Мичману повезло. Может быть, дядюшка не прочь был порадеть «родному человечку», а может быть, Джон был искренне красноречив. Как бы там ни было, но в июле восемьсот первого года капитан Флиндерс зачислил его к себе на шлюп «Инвестигейтор».
А уже через несколько дней капитану настолько полюбился новый подчиненный, что он отписал в Спилсби:
«С величайшим удовольствием я сообщаю о хорошем поведении Джона. Он прекрасный юноша, и его пребывание на корабле будет полезно и ему и кораблю. Мистер Кросслей начал заниматься с ним, и через несколько месяцев, я думаю, он будет иметь достаточные знания по астрономии, чтобы быть моей правой рукой в этом деле».

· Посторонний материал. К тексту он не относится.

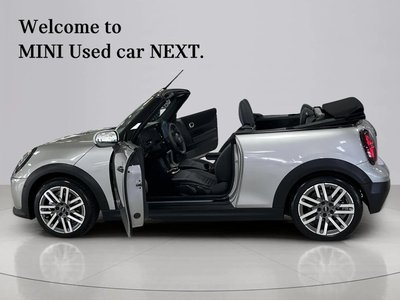 صورة مصغرة 12 لـ 2025 MINI COOPER CONVERTIBLE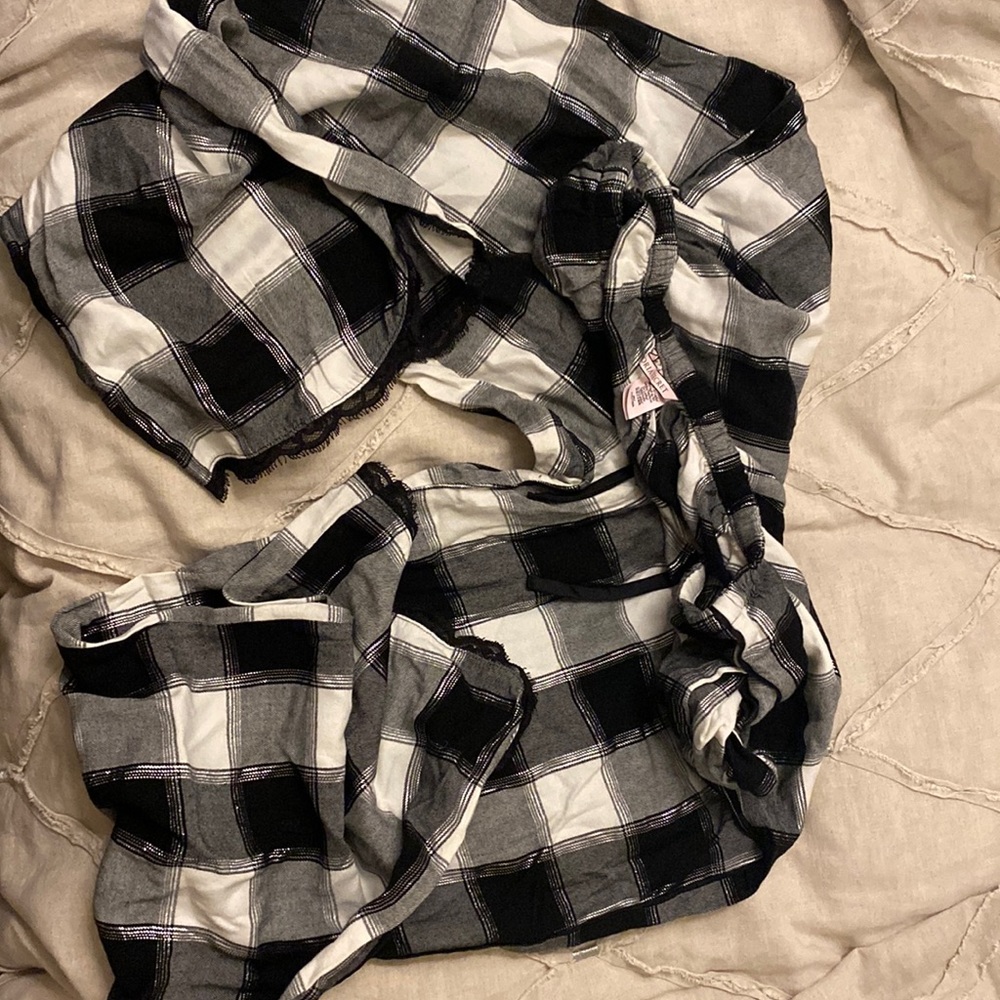 Victoria Secret Pajama Pants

«Инвестигейтор» отправился для гидрографических работ к берегам Австралии. Это было долгожданное плавание, без пушек и барабанной дроби, возвещающей атаку, но с напряженной штурманской учебой, промерами глубин, составлением карт и чертежей, изучением морской практики и кораблевождения.
Джон попал в прекрасную школу. Флиндерс съемками южного побережья Австралии опроверг бытовавшее утверждение, что австралийский континент разделен каким-то проливом на два огромных острова. Он обошел всю Австралию. Капитан и его экипаж по праву завоевали репутацию крупнейших исследователей Австралии.
Мичман был счастлив. Он чувствовал, что каждый день приносит ему новое, что он делался моряком-исследователем, становится на путь, где профессия морехода сливается с проникновением в тайны природы.
Плавание не обошлось без бедствий. Два года спустя после ухода из Англии шлюп потерпел крушение на коралловом рифе. Моряки Флиндерса едва спаслись. Все же мичман был счастлив: кораблекрушение предпочитал он бою. И вовсе не оттого, что праздновал труса в сражении у Копенгагена. Просто он считал, что изучение земли и океанов задача более достойная человека, чем истребление себе подобных.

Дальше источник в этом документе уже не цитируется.